That’s pretty amazing praise for a woman who has had hardly any training as an actress. On the other hand, Harmon is no stranger to the camera. Her parents—Daphne Caravageli and Larry Harmon—were well-known Dallas models in the seventies. Her mother, who is of Greek descent, was known for her runway work. Her father was ubiquitous in Texas advertisements. He was the Sanger-Harris man, the Kouros cologne man, and even the Mary Kay cosmetics man.

Little Angie started modeling as a baby (she did advertisements for car seats), then went through what she calls “the world’s most awkward phase” during her elementary and junior high school years, when she describes herself as having been tall and gawky, with “two really huge buckteeth.” But when Harmon was about fourteen years old, recalls Lisa Dawson, who is running the modeling agency started by her mother, “she walked into our offices and she was absolutely, stunningly gorgeous—a perfect combination of her mother and father. Really, everyone in the agency just stood there, our breath taken away.”

Harmon was a fifteen-year-old Highland Park High School student when she beat out 63,000 other contestants to win Seventeen’s cover model contest. The prize was a new car, which she was not old enough to drive. “She worked for almost every client we had,” says Dawson, “and then as soon as she graduated, she was headed to Milan.” She was a sensation there. When she walked to the end of the runway at one of the shows, the international fashion photographers burst into applause: A star was born.

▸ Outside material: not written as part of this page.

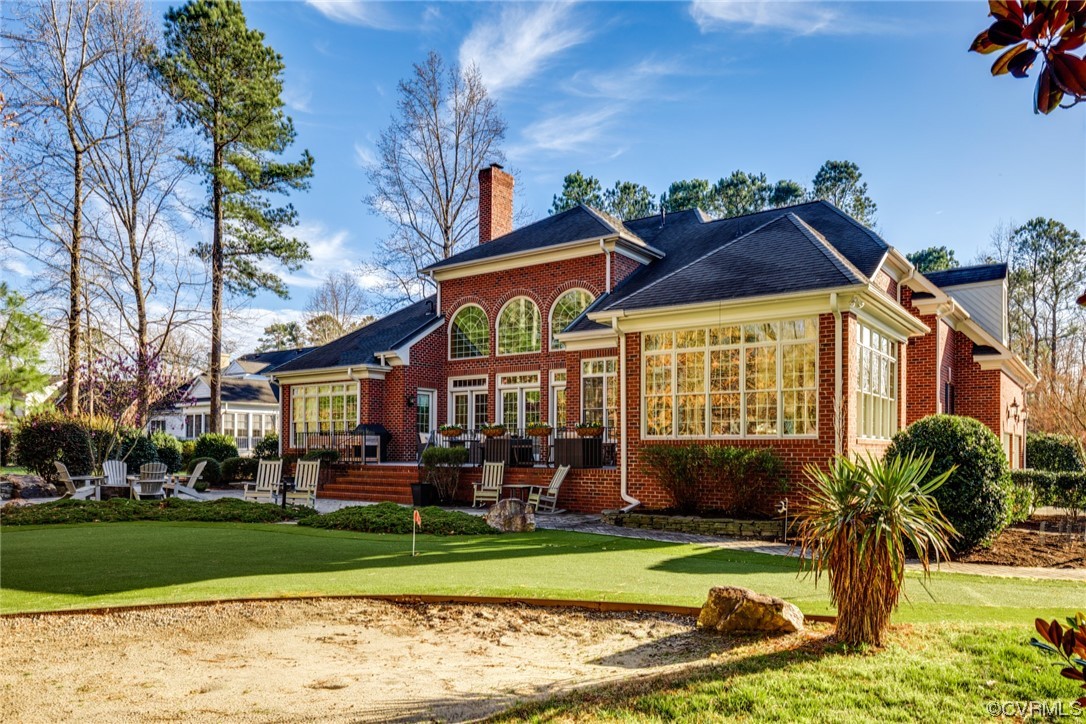124 West Lancashire Williamsburg, VA 23188 - Photo 4 of 44 a front view of a house with a yard table and chairs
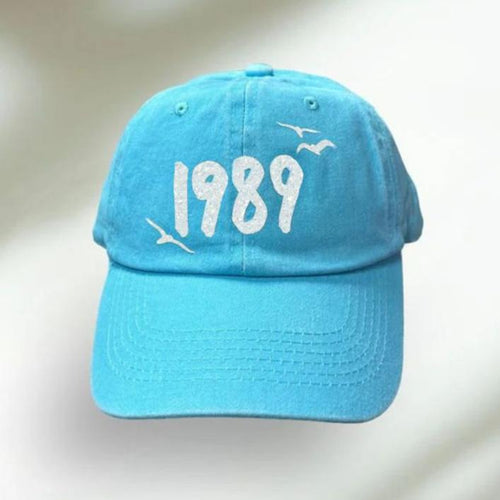 Blue Taylor Inspired 1989 Baseball Hat. Fits adults and older kids.  Adjustable in back.  White glitter number 1989 with birds on front. Little Gift Nook.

She did her share of work for the big magazines: Harper’s Bazaar, Elle, the French and Italian editions of Vogue and Glamour. But she didn’t become a supermodel; she was never quite as serious about modeling as she would later be about acting. “I think being an only child, acting was easier for me because I had to play by myself so much,” says Harmon, whose parents divorced when she was a toddler. “I played both Barbie and Ken. I played all the members of a family.”

But she didn’t know whether she had any chance at an acting career. Enter David Hasselhoff, the producer and star of Baywatch. In 1995 they were both on a flight to Orlando. He took one look at Harmon, got out of his seat, and told her that he was casting a new series and thought she’d be perfect for one of the roles. Unbelievably, it wasn’t a come-on: He cast Harmon as private eye Ryan McBride in Baywatch Nights. She did little except stand there and look concerned while the lead private eye (a former Baywatch lifeguard) did all the work. Still, she says, “I will never ever be ashamed of where I started, just because Baywatch Nights wasn’t in the top one hundred television shows. I got to spend fourteen hours a day learning the business. I spent every day learning how to hit my cues and hit my marks—basically learning to walk and talk at the same time.”

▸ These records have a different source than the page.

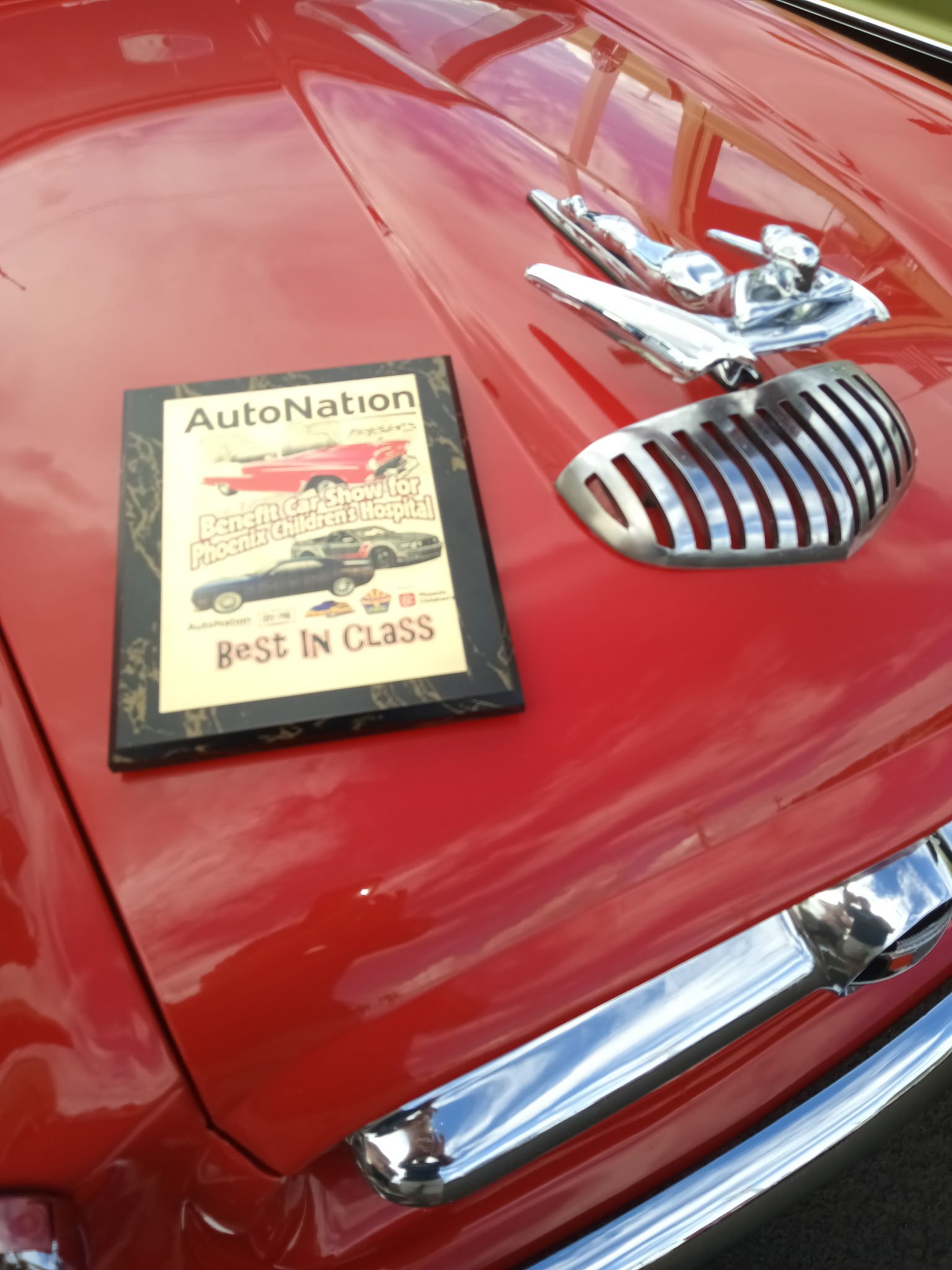 Red vintage car with AutoNation Best in Class award plaque and chrome hood ornament detail.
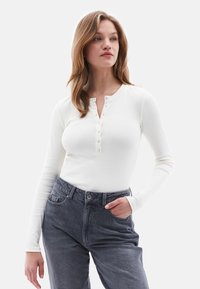 Witte longsleeve top met een geribbeld textuur, voorzien van een henley-nek, drukknoopjes, gecombineerd met donkergrijze high-waisted jeans.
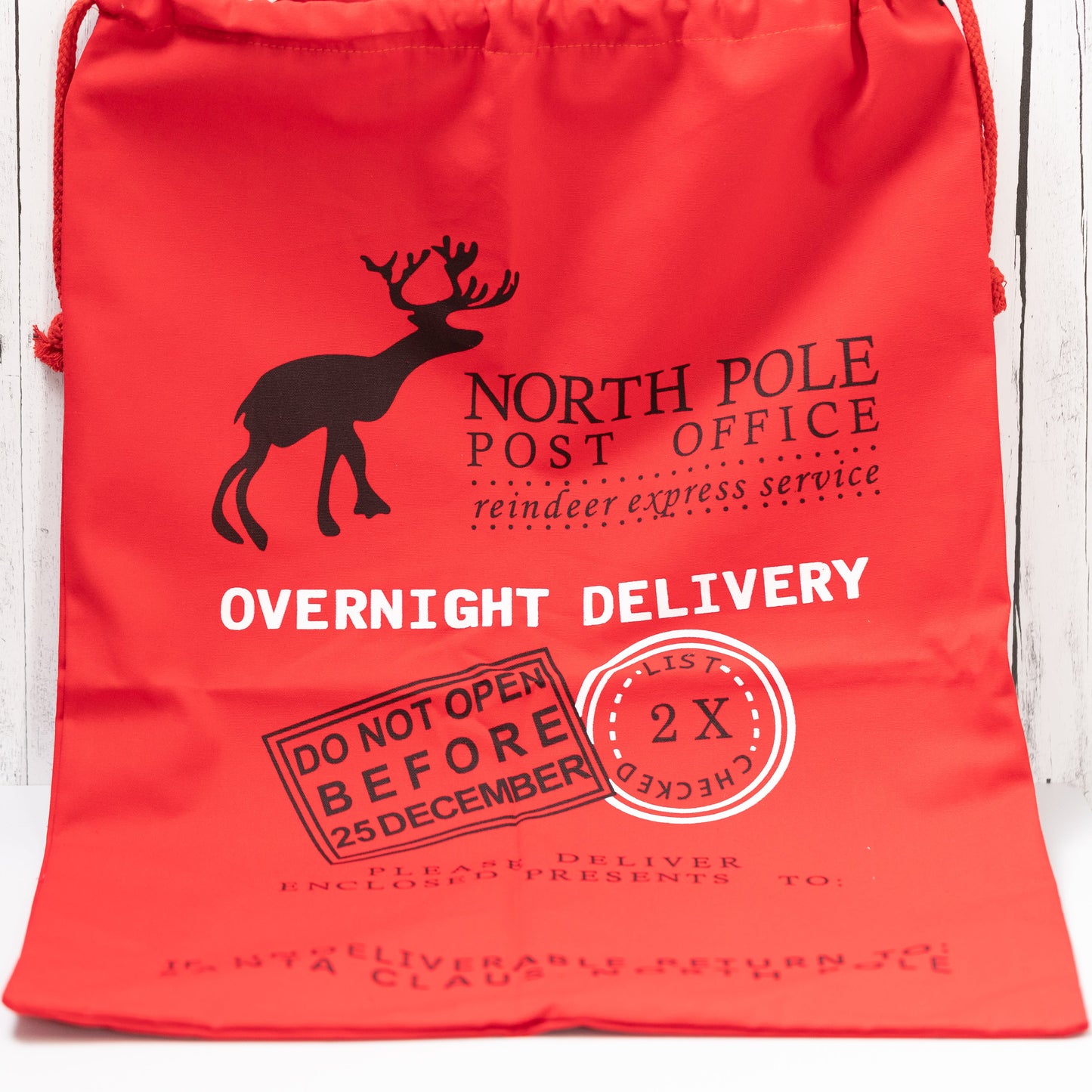 Christmas Gift Bags | Reusable Oversized Fabric with Drawstring Cord - North Pole Post Office Overnight Delivery Logo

Perhaps her smartest move was refusing to do bikini and sex scenes in Baywatch Nights, which kept her from being written off entirely by other producers. Although Harmon knows that people were dubious whenever she showed up at auditions for other shows (“It was like, ‘What is the Baywatch Nights girl doing here?'”), she was good enough to get a role as an FBI agent on ABC’s C-16, which lasted for one season in 1997. Then in 1998 she stunned the industry by beating out more than 84 other actresses for the Law & Order role. Television critics were initially so skeptical about what she could do that, at a press conference, one of them asked if Harmon would be wearing a bikini during sweeps. Executive producer Dick Wolf later defended her: “A: She has raw intelligence. B: She’s not bad to look at. And C: She’s the first cast member to have an authentic regional accent.” He was right. After watching Harmon perform on Law & Order, Entertainment Weekly’s television critic conceded that her character had given the NBC drama “a shot of new life.”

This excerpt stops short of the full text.